Over the past few years, Greek Life at Loyola has taken a number of hits, sometimes penalized for dirty rushing and sometimes reconstituted due to the national office’s objections to the local branch’s actions. Some have said that Loyola’s lack of support for Greek Life is a sign of their opposition to it, but soon enough Loyola will host a new fraternity. In a year where we face decreasing retention, the possibility of a new fraternity offers us a way to shore up our numbers, and we at The Maroon urge this new fraternity and Greek Life as a whole to do their best to act as responsible members of the community in order to make it so.

As Andre Perry said in his letter to The Maroon last week, the key to keeping and increasing retention is to get students involved in the university’s community. Greek Life is an excellent way to do this, offering students a chance to tighten their bonds with their peers and to serve the community of Loyola and the city at large. In many ways, Greek Life offers an ideal opportunity for students at Loyola to embody the Jesuit values on which the university is founded while at the same time binding them more tightly into the community. A new fraternity will provide more of these opportunities, and so may be just what the school requires.

But because Greek Life can be such a big part of students’ lives, we must urge the sororities and fraternities on campus to live up to their potential. Loyola has not undertaken a campaign against Greek Life: It has abided by its policies and punished those who violate them. And Loyola is not the sole reason for the trouble local fraternities and sororities have faced; Sigma Alpha Kappa, for instance, was reconstituted by their national office due to the way they handled their officer elections. Greek Life should be fun, but these organizations must embody the best values of the community and of the larger houses they represent, and when they fail to do that, they fully deserve the punishment they receive.

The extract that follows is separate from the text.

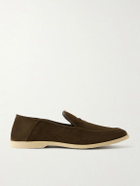 George Cleverley - Mayfair II Collapsible-Heel Suede Loafers - Brown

For many students, Greek Life can play an important role in getting them involved with their peers and with their community and in keeping them at school. This involvement goes far beyond the individual; as the recent budget cuts have shown, it can have a wider impact in the community at large. Because of this, it is imperative that Greek Life at Loyola lives up to the standards of both the university and their national offices, and not fall apart due to practices at odds with what Loyola and their national office require. Greek Life matters, and it matters beyond the level of the individuals whom it helps. Live up to the standards of the wider organization you represent, and the community of which you are a part.